Molowa also noted the efficaciousness of the compound and said Merck's decision to discontinue oral development is not a huge setback for the company.
"It's more of a psychological setback," he said, "because that tends to be what the market focuses on. But if you look at the company and try to value the separate parts, there's a lot of cash, a low burn rate and a lot of other opportunities to develop other partnerships."
Mullinix could not estimate how far away Merck is from identifying a new compound for testing.
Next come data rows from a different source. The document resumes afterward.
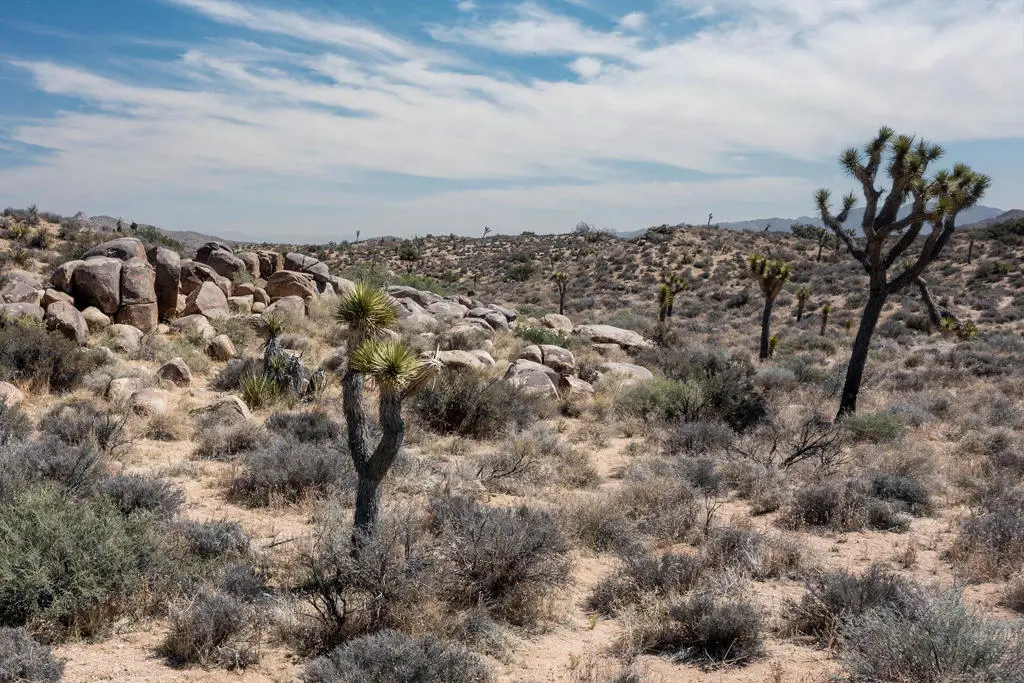 101 Hondo Street, Pioneertown, CA — listing photo 1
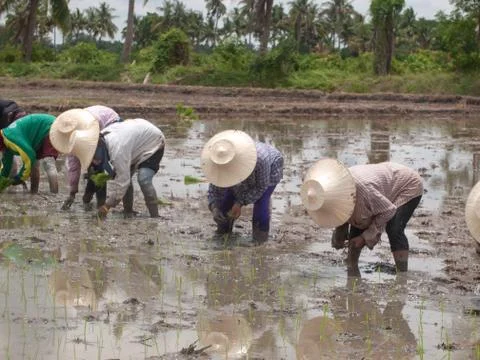 Working farmers Stock Photos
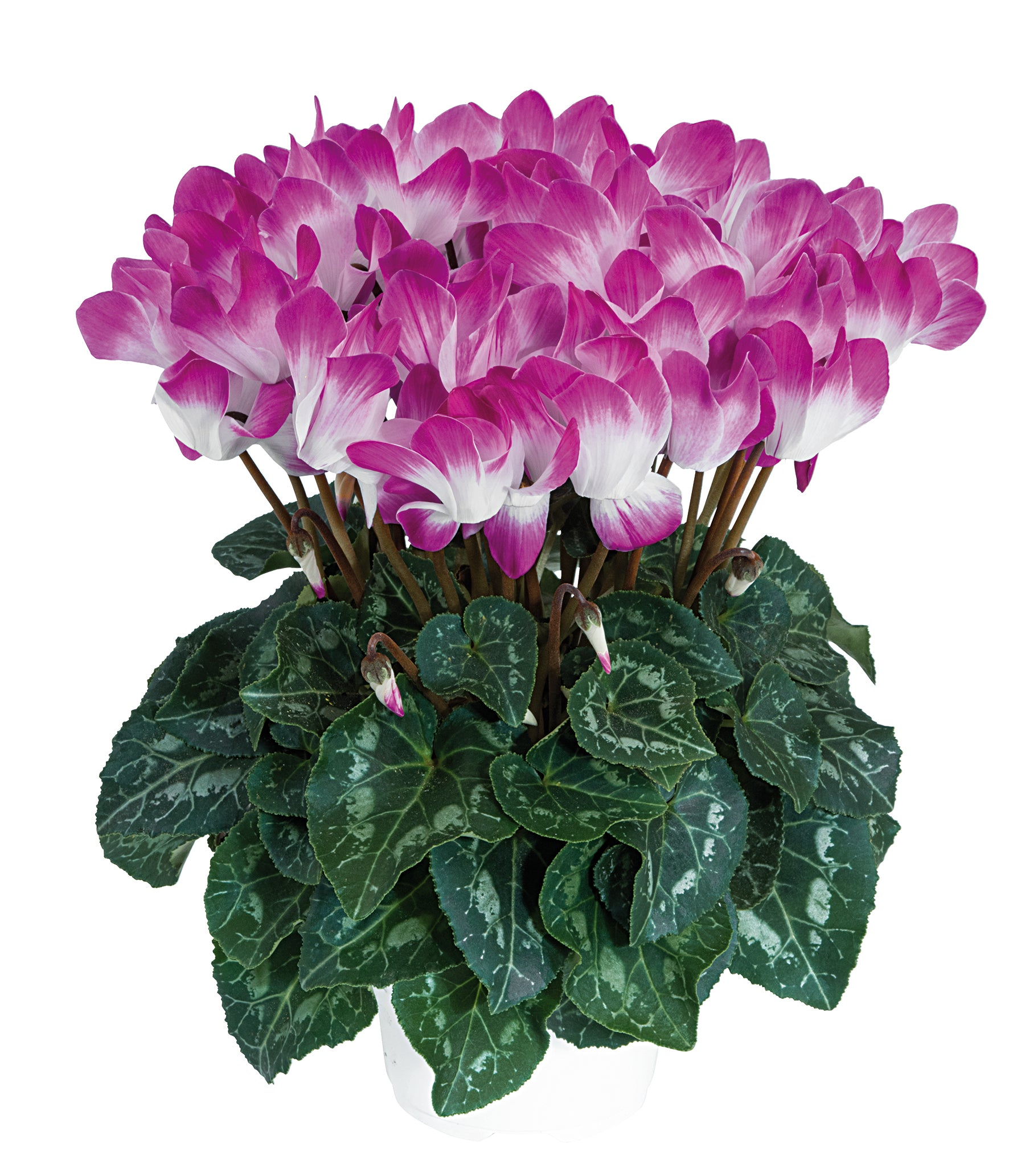 MIDI+® INDIAKA® Bright purple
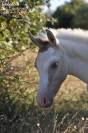 POULAIN CHAMPAGNE DUN TOBIANO AUX YEUX BLEUS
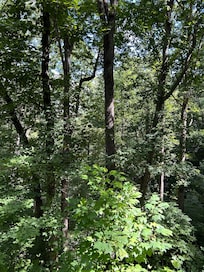 More views from the back porch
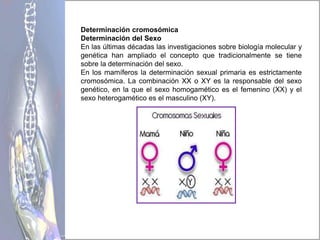 Determinación cromosómica
Determinación del Sexo
En las últimas décadas las investigaciones sobre biología molecular y
genética han ampliado el concepto que tradicionalmente se tiene
sobre la determinación del sexo.
En los mamíferos la determinación sexual primaria es estrictamente
cromosómica. La combinación XX o XY es la responsable del sexo
genético, en la que el sexo homogamético es el femenino (XX) y el
sexo heterogamético es el masculino (XY).
 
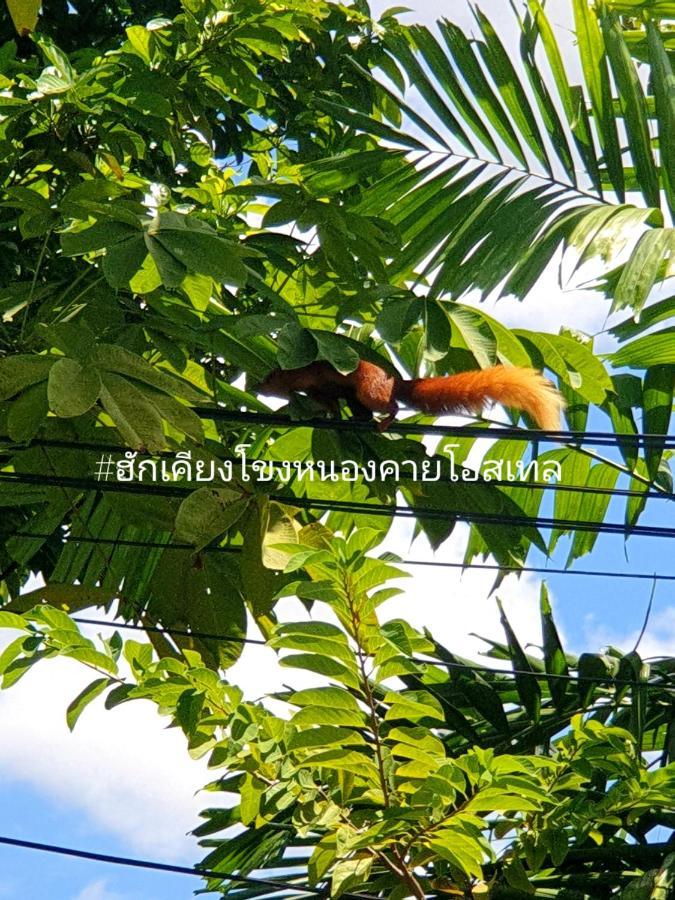ฮักเคียงโขง Hug Khieng Khong Nongkhai Hostel Nong Khai Extérieur photo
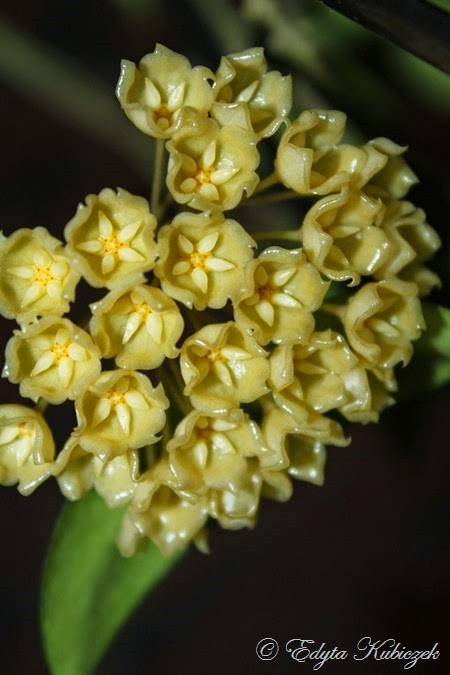 Hoya blashernaezii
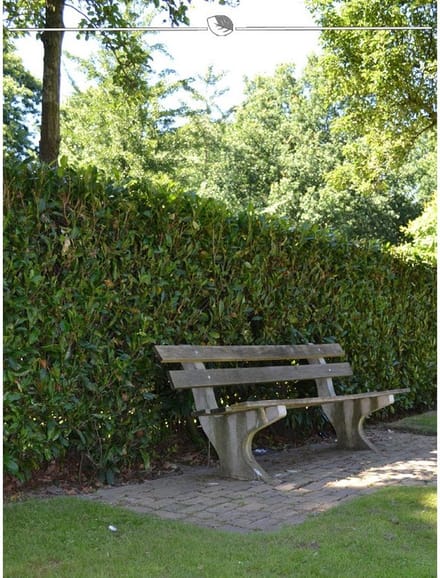 Laurier Prunus Herbergii 100-120 cm, 40x Haagplant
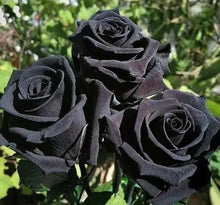 Black Rose Bonsai Seeds known for rare Black Flowers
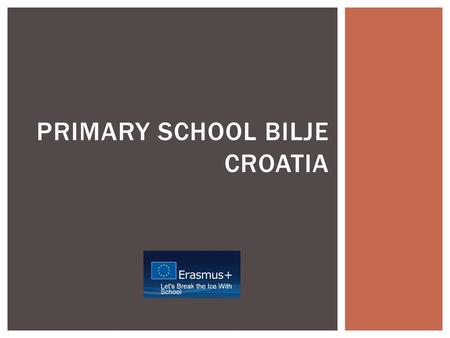 PRIMARY SCHOOL BILJE CROATIA. 1. SEX 2. DATE OF BIRTH (MONTHS 2000.)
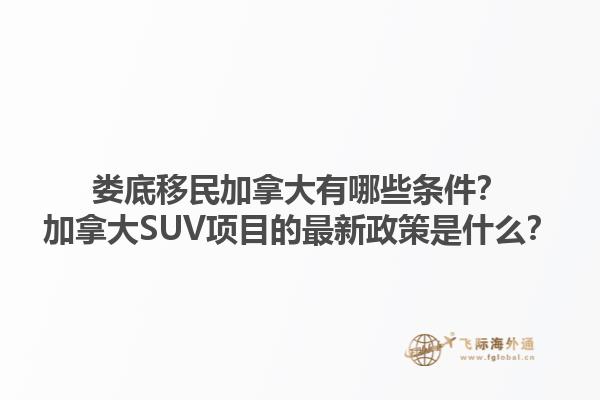 婁底移民加拿大有哪些條件？加拿大SUV項(xiàng)目的最新政策是什么？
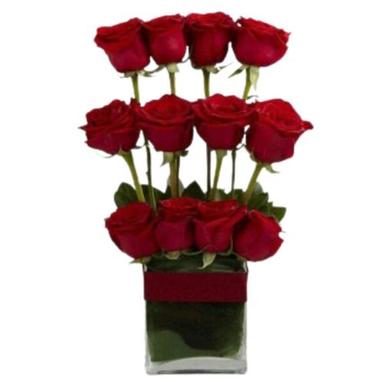  ऑर्गेनिक नेचुरल फ्रेश ए ग्रेड लाल गुलाब विशेष अवसर पर किसी को उपहार देने के लिए रचनात्मक रूप से व्यवस्थित किया गया है शेल्फ लाइफ: 7 से 10 दिन 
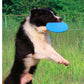 Soft Non-Slip Dog Flying Disc - Go Bagheera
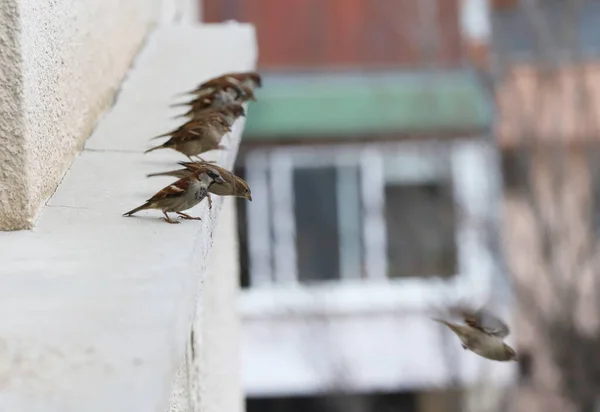 Bir Serçe Sürüsü Tırabzanda Tohum Yiyor Uçan Serçeler — Stok fotoğraf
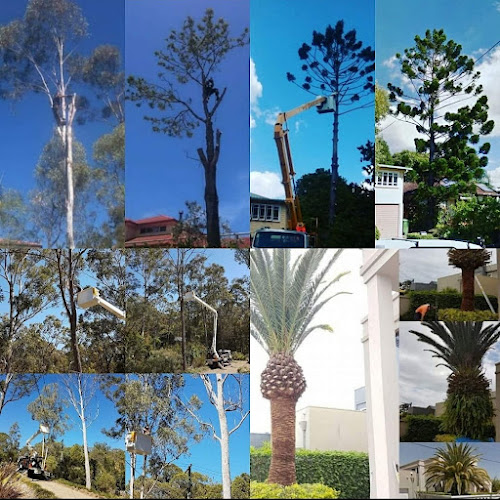 Cheaper Trees in Gold Coast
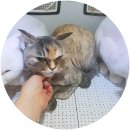 뽀삐살롱 이미지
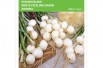 Barletta Pickling onion 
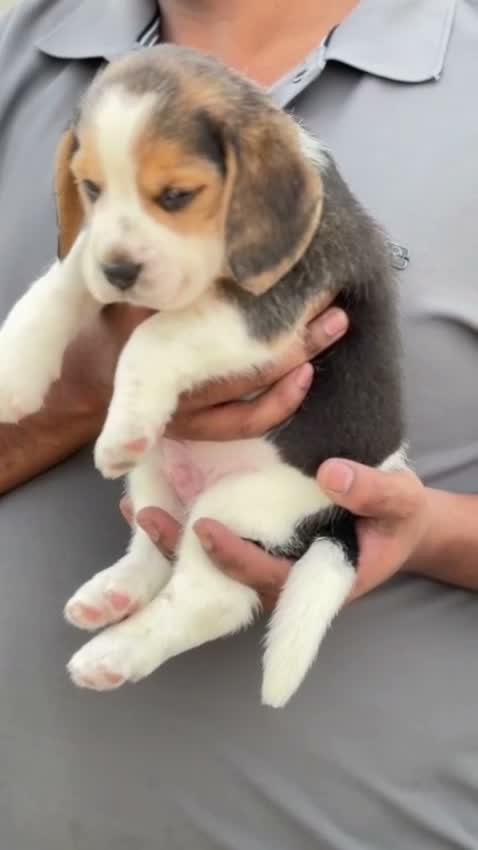 Beagle Black & Tan Puppy, farm video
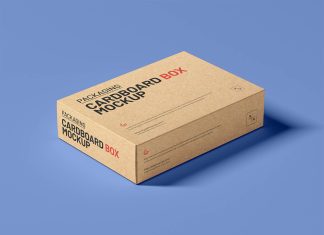 Free Mailer Cardboard Box Mockup PSD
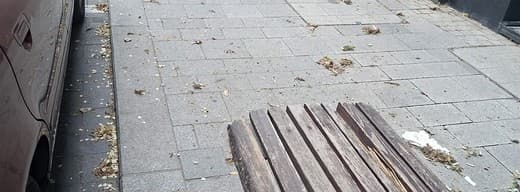 Megtisztított belvárosi homlokzat előtti járda
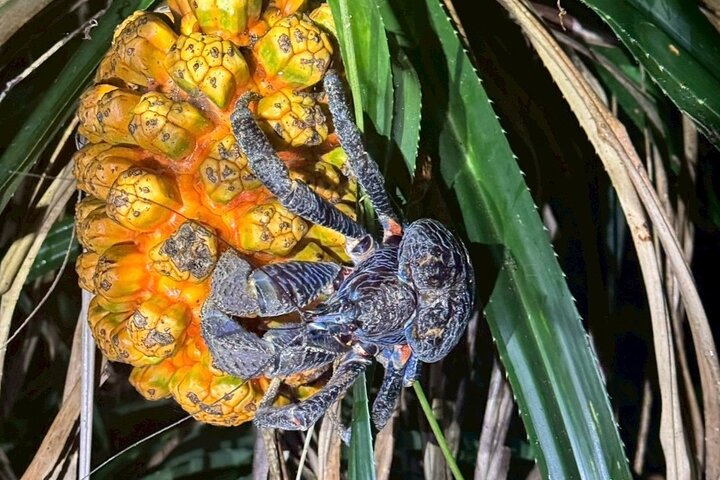 Okinawa Miyako Jungle&Starry Sky Tour Kostenlose Abholung und Rückgabe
"Clearly," she said, "with the mechanism being validated, a huge uncertainty as to whether this approach works has been lifted."
Synaptic holds several U.S. patents covering the use of alpha 1-a antagonists, the use of genetically engineered cells expressing the human alpha 1-a receptor to identify compounds that bind to the receptor, and genes encoding the three human alpha adrenergic receptors. Merck has a license under these patents to develop and market alpha 1-a antagonists.
Merck and Synaptic first collaborated in December 1993 in a three-year $20 million deal involving a series of compounds for treatment of BPH, a non-cancerous enlargement of the prostate gland. The agreement was extended in one-year increments and remains active. (See BioWorld Today, Dec. 20, 1993, p. 1; and Oct. 30, 1996, p. 1.)
Synaptic was founded under the name Neurogenetic Corp. in 1987 and changed its name in 1992. It went public in December 1995.
Among its other collaborations are a number of preclinical programs targeting pain with Grunenthal GmbH, of Aachen, Germany, and a preclinical program for obesity with Novartis AG, of Basel, Switzerland. Synaptic also is working with Eli Lilly & Co., of Indianapolis, in preclinical studies for depression, migraine and obesity, as well as a Phase I trial with serotonin drugs for depression. Lilly this year dropped development of a lead candidate in migraine before a Phase III trial after looking at animal toxicology data. (See BioWorld Today, March 22, 1999, p. 1.)